Le vieux batailleur et le socialisme en Colombie-Britannique
Soumis par Ben Isitt, le
À son retour à San Francisco, après qu’il ait été expulsé du Parti socialiste travailliste des États-Unis en Californie, M. Kingsley travailla un certain temps comme bibliothécaire. Il avait présenté sa candidature au Congrès en 1896 et en 1898, mais fut chassé du parti en 1900, lors d’une dispute entre les factions. M. Kingsley tenta alors sa chance dans l’état du Washington, où il fonda, en 1901, l’éphémère Revolutionary League (Ligue révolutionnaire) de Seattle. Mais M. Kingsley était bien connu au Canada. Il se rendit, sur invitation, à Nanaimo en février 1902 pour une tournée de conférences éducatives de deux mois. À l’époque, les lois canadiennes sur l’immigration permettaient rarement aux personnes ayant des handicaps d’immigrer au Canada. Cependant, l’expertise que M. Kingsley avait développée à San Francisco dans la structure de la pensée socialiste fit de lui un atout important en tant qu’éducateur, organisateur et orateur pour le mouvement émergent du socialisme radical en Colombie-Britannique.
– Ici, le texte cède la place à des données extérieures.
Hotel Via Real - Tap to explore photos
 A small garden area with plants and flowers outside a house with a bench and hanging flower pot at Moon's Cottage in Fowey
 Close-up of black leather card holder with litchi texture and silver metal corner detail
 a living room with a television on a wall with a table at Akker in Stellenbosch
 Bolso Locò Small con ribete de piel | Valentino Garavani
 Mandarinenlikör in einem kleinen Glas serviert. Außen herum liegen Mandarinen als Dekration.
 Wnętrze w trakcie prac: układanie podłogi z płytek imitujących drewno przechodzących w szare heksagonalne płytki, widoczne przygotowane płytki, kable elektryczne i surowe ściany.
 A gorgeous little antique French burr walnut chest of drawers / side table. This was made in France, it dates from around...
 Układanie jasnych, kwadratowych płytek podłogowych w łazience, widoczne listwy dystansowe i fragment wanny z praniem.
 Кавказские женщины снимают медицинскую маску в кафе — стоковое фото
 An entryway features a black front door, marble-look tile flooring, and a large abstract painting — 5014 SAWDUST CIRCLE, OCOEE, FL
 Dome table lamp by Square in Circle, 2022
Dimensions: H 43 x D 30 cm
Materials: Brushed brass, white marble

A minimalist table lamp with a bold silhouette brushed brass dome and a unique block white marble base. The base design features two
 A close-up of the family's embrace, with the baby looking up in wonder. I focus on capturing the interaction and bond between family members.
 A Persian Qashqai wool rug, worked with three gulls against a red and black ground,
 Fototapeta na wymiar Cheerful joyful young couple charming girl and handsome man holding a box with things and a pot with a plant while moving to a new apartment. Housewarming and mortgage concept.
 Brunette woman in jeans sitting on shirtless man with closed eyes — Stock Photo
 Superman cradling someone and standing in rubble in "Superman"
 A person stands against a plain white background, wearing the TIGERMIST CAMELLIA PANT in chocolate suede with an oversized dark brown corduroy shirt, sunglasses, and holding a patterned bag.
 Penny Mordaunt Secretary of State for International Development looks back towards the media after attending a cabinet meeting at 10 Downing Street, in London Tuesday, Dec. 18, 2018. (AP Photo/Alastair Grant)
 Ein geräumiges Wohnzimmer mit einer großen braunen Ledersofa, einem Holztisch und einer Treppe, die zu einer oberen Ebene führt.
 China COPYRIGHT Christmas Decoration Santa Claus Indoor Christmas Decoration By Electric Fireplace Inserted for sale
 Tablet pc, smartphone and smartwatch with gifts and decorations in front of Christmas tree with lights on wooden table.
Les politiques de M. Kingsley ont bien peu changé au cours des années subséquentes. Il continua, avec acharnement, de chercher une solution politique à la problématique socialiste. À l’époque à laquelle il fut invité à venir au Canada, au lieu de concentrer leurs énergies sur l’amélioration de la qualité de vie de la classe ouvrière, les penseurs socialistes de différentes factions commençaient à élargir leurs horizons et à explorer la possibilité de devenir une force politique calculée avec comme objectif le contrôle de l’État. L’arrivée de M. Kingsley coïncida aussi avec la montée en popularité du désir d’unification politique en Colombie-Britannique, ou moment où il contribua à la réunification, en 1903, du Parti socialiste de la Colombie-Britannique et du Parti socialiste révolutionnaire de la Colombie-Britannique, ce-dernier s’étant séparé du premier auparavant. Travaillant de concert avec Richard P. Pettipiece, un journaliste socialiste du quotidien le Western Clarion, M. Kingsley devint éditeur en chef de ce journal et en fit une voix puissante pour l’avancement du socialisme politique.
Bien que M. Kingsley contrôlait le message intellectuel du parti socialiste du Canada, publiquement, des élus populaires sur l’île de Vancouver et parmi les communautés minières des montagnes du Kootenay de la région Intérieure de la province, tels que James H. Hawthornthwaite et d’autres politiciens qui s’affichaient comme socialistes, étaient à la tête du parti. Dans ces régions, M. Kingsley était perçu comme un organisateur et orateur qui cherchait à augmenter l’appui public de la cause du parti socialiste du Canada.
En 1907, lorsque Ernie Burns, dont la membriété au parti socialiste du Canada avait était suspendue, a quitté le parti pour créer le Parti socialiste démocratique de la Colombie-Britannique, un nouveau conflit se déclara entre les factions des impossibilistes et des gradualistes. Le dogmatisme d’Eugene Kingsley fut identifié comme la cause principale de cette rupture. Les problèmes délaissés lorsque M. Kingsley négocia l’unification des deux factions en 1903 ressurgirent, laissant la gauche, en Colombie-Britannique, aussi divisée qu’elle l’avait été dans le passé.
Malgré la discorde, M. Kingsley continua sa tournée, avec acharnement, en 1908, voyageant à Winnipeg, puis à Toronto, pour donner des discours, faire campagne et organiser le mouvement. Bill Pritchard, socialiste notoire de la Colombie-Britannique, considéra M. Kingsley comme « le père », ou même « le vieux batailleur » du mouvement. M. Kingsley était un militant ardent et chevronné. Mais le caractère obstinément immuable de son idéologie s’est avéré aussi avantageux que problématique.